▶ _Input material_:
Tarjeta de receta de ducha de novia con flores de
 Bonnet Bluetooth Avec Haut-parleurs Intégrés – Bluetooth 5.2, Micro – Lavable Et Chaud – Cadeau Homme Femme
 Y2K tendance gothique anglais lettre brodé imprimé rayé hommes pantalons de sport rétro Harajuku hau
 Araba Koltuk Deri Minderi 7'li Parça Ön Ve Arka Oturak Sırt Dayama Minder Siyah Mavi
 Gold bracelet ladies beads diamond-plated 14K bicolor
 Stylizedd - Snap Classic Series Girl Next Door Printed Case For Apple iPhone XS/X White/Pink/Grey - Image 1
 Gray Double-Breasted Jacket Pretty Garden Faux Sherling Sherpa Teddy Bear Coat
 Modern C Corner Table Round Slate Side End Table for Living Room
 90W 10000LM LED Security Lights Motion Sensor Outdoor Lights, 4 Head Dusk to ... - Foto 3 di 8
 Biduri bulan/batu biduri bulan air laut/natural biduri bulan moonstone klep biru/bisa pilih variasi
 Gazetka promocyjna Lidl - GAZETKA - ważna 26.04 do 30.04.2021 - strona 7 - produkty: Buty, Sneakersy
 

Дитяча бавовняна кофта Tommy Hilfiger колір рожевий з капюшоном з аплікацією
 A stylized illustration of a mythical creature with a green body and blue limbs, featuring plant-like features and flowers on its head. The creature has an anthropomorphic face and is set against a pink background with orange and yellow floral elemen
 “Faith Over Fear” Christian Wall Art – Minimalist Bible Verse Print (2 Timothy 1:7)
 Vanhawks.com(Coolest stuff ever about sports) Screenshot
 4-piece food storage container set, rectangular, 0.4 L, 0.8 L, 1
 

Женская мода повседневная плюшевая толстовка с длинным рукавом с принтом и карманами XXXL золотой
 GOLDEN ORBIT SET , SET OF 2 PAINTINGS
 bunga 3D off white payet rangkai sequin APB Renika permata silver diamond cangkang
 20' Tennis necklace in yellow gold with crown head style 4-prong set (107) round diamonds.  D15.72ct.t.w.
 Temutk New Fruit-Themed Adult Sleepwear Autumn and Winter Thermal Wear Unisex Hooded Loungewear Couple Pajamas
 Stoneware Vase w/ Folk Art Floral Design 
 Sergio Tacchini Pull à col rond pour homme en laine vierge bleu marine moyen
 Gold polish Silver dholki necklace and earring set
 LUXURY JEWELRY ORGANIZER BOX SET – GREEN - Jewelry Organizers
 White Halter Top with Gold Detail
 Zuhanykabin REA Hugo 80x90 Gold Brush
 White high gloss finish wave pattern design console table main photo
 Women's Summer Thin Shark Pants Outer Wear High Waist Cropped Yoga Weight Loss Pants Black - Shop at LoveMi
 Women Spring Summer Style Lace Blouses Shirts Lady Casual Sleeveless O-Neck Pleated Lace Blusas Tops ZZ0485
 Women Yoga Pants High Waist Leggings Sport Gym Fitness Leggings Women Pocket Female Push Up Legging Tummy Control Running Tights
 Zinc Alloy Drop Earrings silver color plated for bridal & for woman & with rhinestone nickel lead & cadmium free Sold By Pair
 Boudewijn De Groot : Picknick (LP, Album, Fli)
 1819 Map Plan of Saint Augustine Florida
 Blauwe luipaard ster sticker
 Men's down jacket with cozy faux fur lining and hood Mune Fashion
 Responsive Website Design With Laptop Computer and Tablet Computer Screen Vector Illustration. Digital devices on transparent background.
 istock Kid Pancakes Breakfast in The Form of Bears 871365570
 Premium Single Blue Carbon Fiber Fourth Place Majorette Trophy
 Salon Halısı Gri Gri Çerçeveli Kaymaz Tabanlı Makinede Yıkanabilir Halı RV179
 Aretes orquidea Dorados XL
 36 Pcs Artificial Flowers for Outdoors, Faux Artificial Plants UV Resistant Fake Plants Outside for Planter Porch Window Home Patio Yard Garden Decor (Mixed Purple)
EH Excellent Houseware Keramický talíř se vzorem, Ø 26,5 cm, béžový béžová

▶ _Work to complete_: If "plated" is in a line of the listing above, count that line; give the final number and nothing more.

▶ _Result for this task_: 2